Deixei de referir os que se pronunciaram sobre Saramago / Deus / a Bíblia / “Caim” et alia, mas retomo o tema por causa de Rui Tavares no Público de hoje. Não sei se o cronista vai colocar o texto que saiu na edição impressa no seu sítio/blog. Suponho que sim.
Quando, antevendo que um dia se pronunciaria sobre o assunto, julgava eu que ele retomaria uma ideia muito acertada, a de que a partir dos 40 anos somos culpados da nossa própria ignorância (nos assuntos sobre os quais escolhemos falar), afirma, afinal:
“Quanto ao resto; um deus vingativo, rancoroso, capaz de fúrias indiscriminadas contra culpados e inocentes; um deus que testa os humanos como se fosse brinquedos; um deus que às vezes parece que «não gosta de nós» - bem, que escândalo pode haver? Qualquer pessoa que goste de ler o Antigo Testamento sabe disto. Deus diz: exterminem os amorreus, e os amorreus são exterminados. A mulher adúltera e o filho desobediente são apedrejados; o pai deve sacrificar o filho; o homem com apenas um testículo é proibido de entrar no templo, e por aí adiante.
A relação entre humanos e o deus do Antigo Testamento – como diz Saramago «nem ele nos entende, nem nós o entendemos a ele» - é como uma história amorosa que poderia ter dado muito certo mas deu muito errado”.
Também Rui Tavares não percebeu nada. Estuda-se Feuerbach, Marx, Freud, para quê? Põem-se as coisas em termos de Deus, para quê? Por que é que ninguém põe a questão em termos do entendimento humano sobre Deus? Eu tenho uma explicação. Porque sendo Deus o sujeito, atinge-se mais facilmente a Igreja do que pondo o entendimento humano de Deus no centro da questão. Saramago sabe disso. Rui Tavares também. De resto, o pontífice e o acólito ignoram que a questão da maldade do Antigo Testamento foi discutida há cerca de 1850 anos. O nome Marcião diz alguma coisa?

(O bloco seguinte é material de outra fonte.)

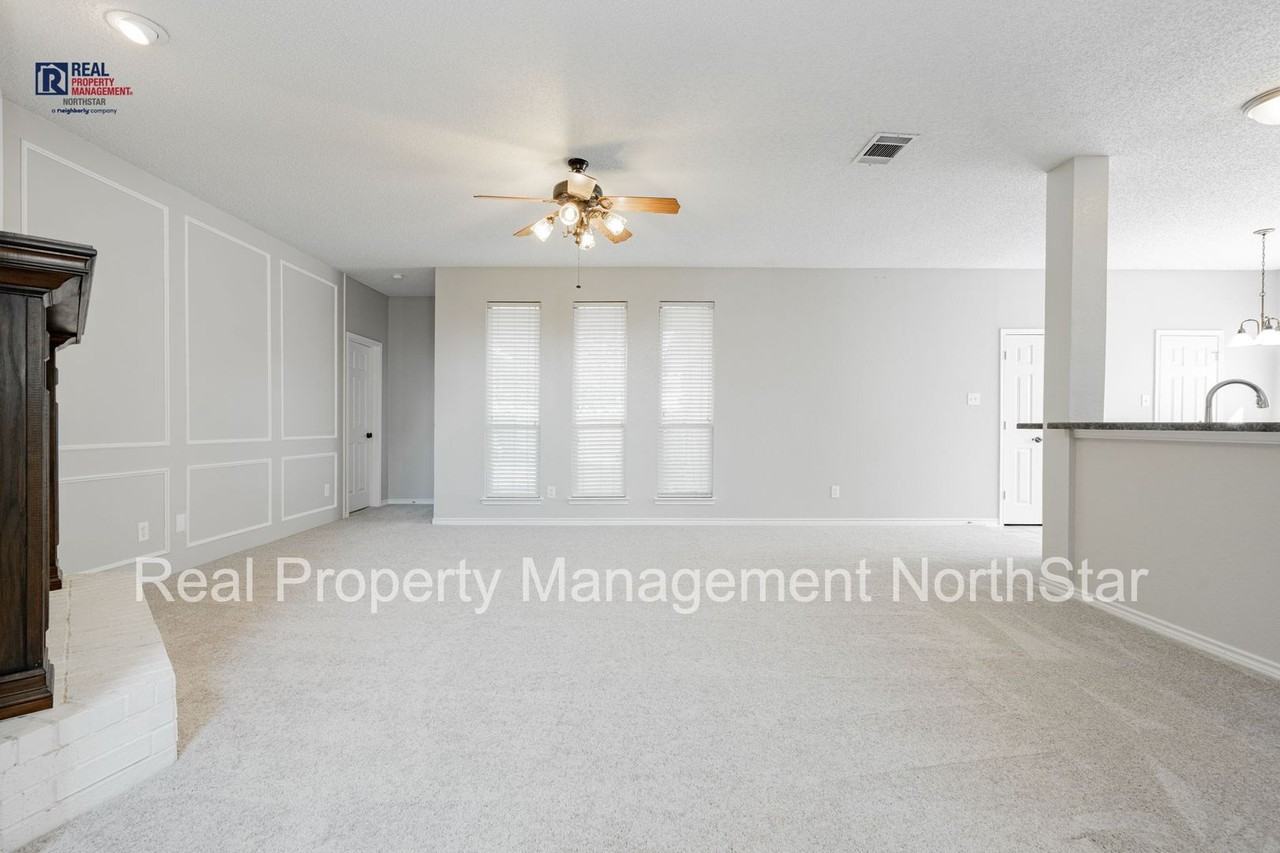 920 Dogwood Ln - Photo 2 of 37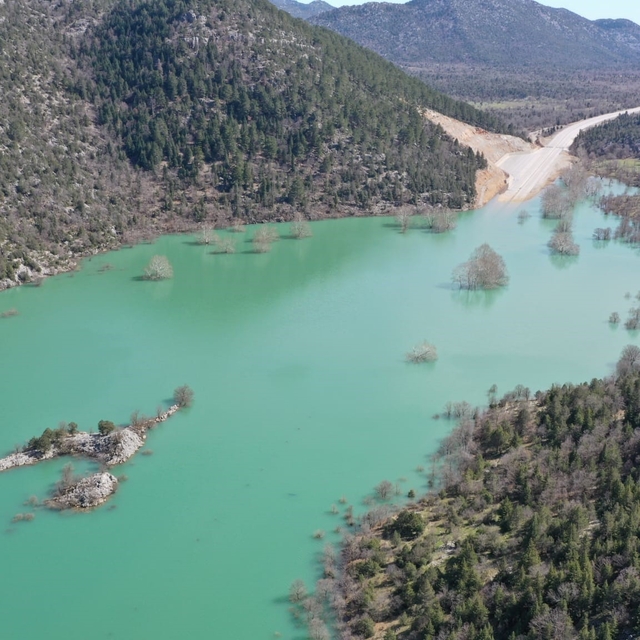 Antalya-Konya karayolunda son durum dron ile görüntülendi: 4 kilometrelik k...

Basta pôr o nome no Google e aparece logo o essencial do pensamento sobre Marcião (séc. II). Até a Wikipédia o diz:
“Marcião considerava que o Deus vingativo do Antigo Testamento não poderia ser o mesmo Deus amoroso a que Jesus se referia como Pai, e por isso, achava que só o Novo Testamento interessaria aos cristãos. Mas Marcião também não aceitava os quatro evangelhos canónicos, pois os considerava corruptos, cheios de falsificações. Na doutrina de Marcião havia assim um Deus bom e um Deus mau”.

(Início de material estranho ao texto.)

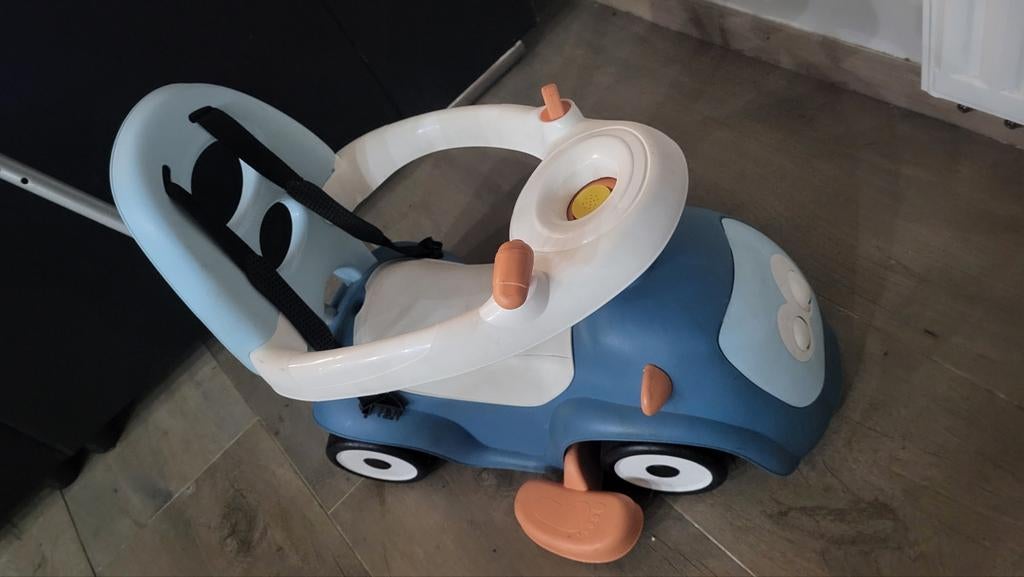 Smoby 3 dans une voiture avec une canne, Enfants & Bébés, Jouets | Extérieur | Véhicules & Draisiennes, Enlèvement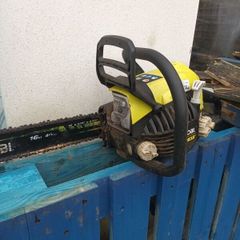 chainsaw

Os cristãos dos primeiros séculos perceberam que o Deus do AT é o mesmo que do o NT. Não podia ser diferente. Os factos e as ideias estão de tal maneira misturados que ou se aceita tudo ou se recusa tudo. Os cristãos e os judeus aceitaram tudo, reinterpretando. O entendimento é que devia ser diferente. 1850 anos depois, o entendimento de alguns avançou pouco. Ainda há muitos marcionitas. Com uma diferença. Para os novos marcionitas, só há o Deus mau. E nesse, claro, não podem crer.